INSTRUCTIONS FOR THE TASK:
Start at the line with "トウモロコシはレンチンが一番" in the records below, stop at the line with "茹でれば茹でるほど濃厚になりますので３本以上も同じように茹でていってください💕", and return every line in that span exactly, the two end lines included.
(DATASET RECORDS begins)
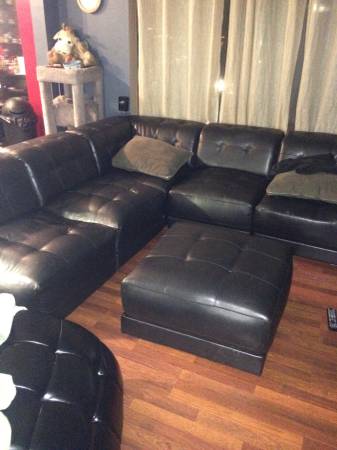 Black leather couch - Chicago Furniture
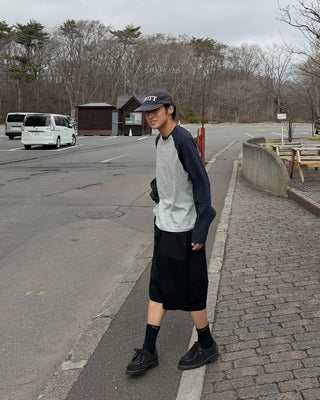 Color-block raglan long-sleeved T-shirt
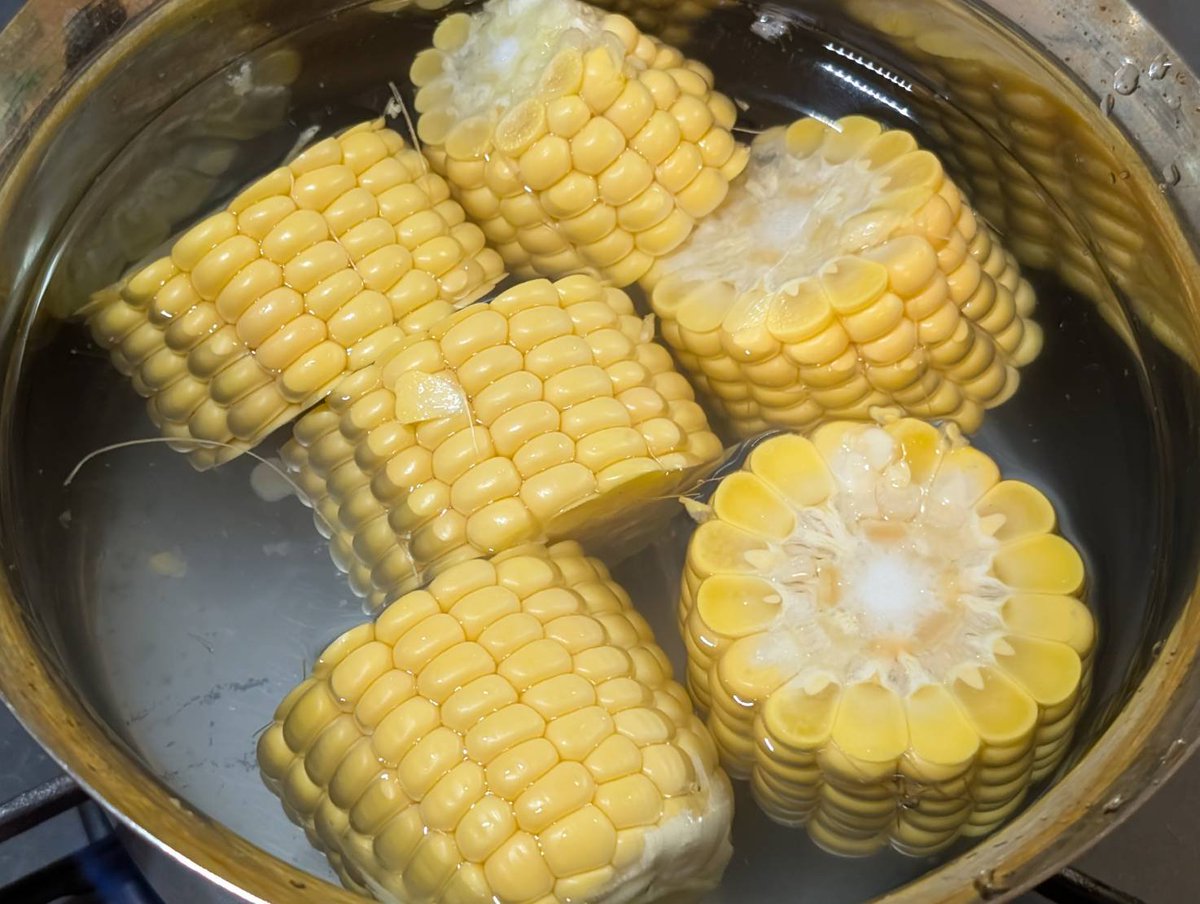 tsukijiichiba's tweet photo. 枝豆の茹で方に結構反響がありましたので、
中の人流の🌽#トウモロコシの茹で方🌽もご紹介します😊

トウモロコシはレンチンが一番という話もよく聞きますが、個人的には茹でたトウモロコシのジューシーで弾ける食感は代えがたいものがあります。

⬇️⬇️⬇️

用意するのは🍳小鍋とトウモロコシ×2本、水と塩
分量はこんな感じ
・水500ml
・塩小さじ1

1⃣トウモロコシは適度にカットします。
2⃣小鍋に水・塩・カットしたトウモロコシ1本分を入れて加熱
3⃣沸騰したら3分ほど茹でます
4⃣ゆであがったらトウモロコシを取り出して、ゆで汁はそのまま！（重要）
5⃣ゆで汁で2本目のトウモロコシを3分ほど茹でます
6⃣火を止めて1分置きます
7⃣2本目のトウモロコシを取り出したら1本目を再度1分茹でます
8⃣火を止めて1分置きます。

取り出して２本分の茹でトウモロコシが完成🤗

カットすることでトウモロコシの芯からもダシが出て、味が染みたお湯でトウモロコシを茹でるので味・風味がより濃厚に！
茹でれば茹でるほど濃厚になりますので３本以上も同じように茹でていってください💕

これはトウモロコシの直売を行っている地域を取材した際に
「大鍋で朝から晩まで茹で続けると、最後はコーンスープで茹でてるようなものなので、ものすごく美味しくなる」
と聞いたのが始まりで、それを簡易的に再現してみた食べ方です👍

あと事前にカットしてしまうので、茹でた後にやけどの心配もなく、お子様がいる家庭なら、大人数でもちょっとずつ楽しめるのです🥰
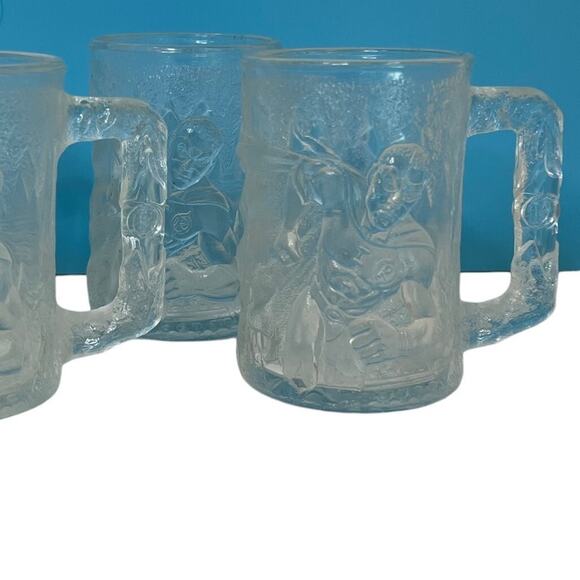 Vintage McDonalds Batman Forever Etched Clear Glass Mugs Robin Set Of 4 1995 - Picture 1 of 6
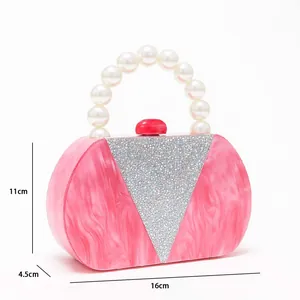 Detailansicht der Abendtasche mit Perlengriff und Marmormuster, Maße 16cm x 11cm x 4.5cm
(DATASET RECORDS ends)
SOLUTION FOR THIS TASK:
トウモロコシはレンチンが一番という話もよく聞きますが、個人的には茹でたトウモロコシのジューシーで弾ける食感は代えがたいものがあります。

⬇️⬇️⬇️

用意するのは🍳小鍋とトウモロコシ×2本、水と塩
分量はこんな感じ
・水500ml
・塩小さじ1

1⃣トウモロコシは適度にカットします。
2⃣小鍋に水・塩・カットしたトウモロコシ1本分を入れて加熱
3⃣沸騰したら3分ほど茹でます
4⃣ゆであがったらトウモロコシを取り出して、ゆで汁はそのまま！（重要）
5⃣ゆで汁で2本目のトウモロコシを3分ほど茹でます
6⃣火を止めて1分置きます
7⃣2本目のトウモロコシを取り出したら1本目を再度1分茹でます
8⃣火を止めて1分置きます。

取り出して２本分の茹でトウモロコシが完成🤗

カットすることでトウモロコシの芯からもダシが出て、味が染みたお湯でトウモロコシを茹でるので味・風味がより濃厚に！
茹でれば茹でるほど濃厚になりますので３本以上も同じように茹でていってください💕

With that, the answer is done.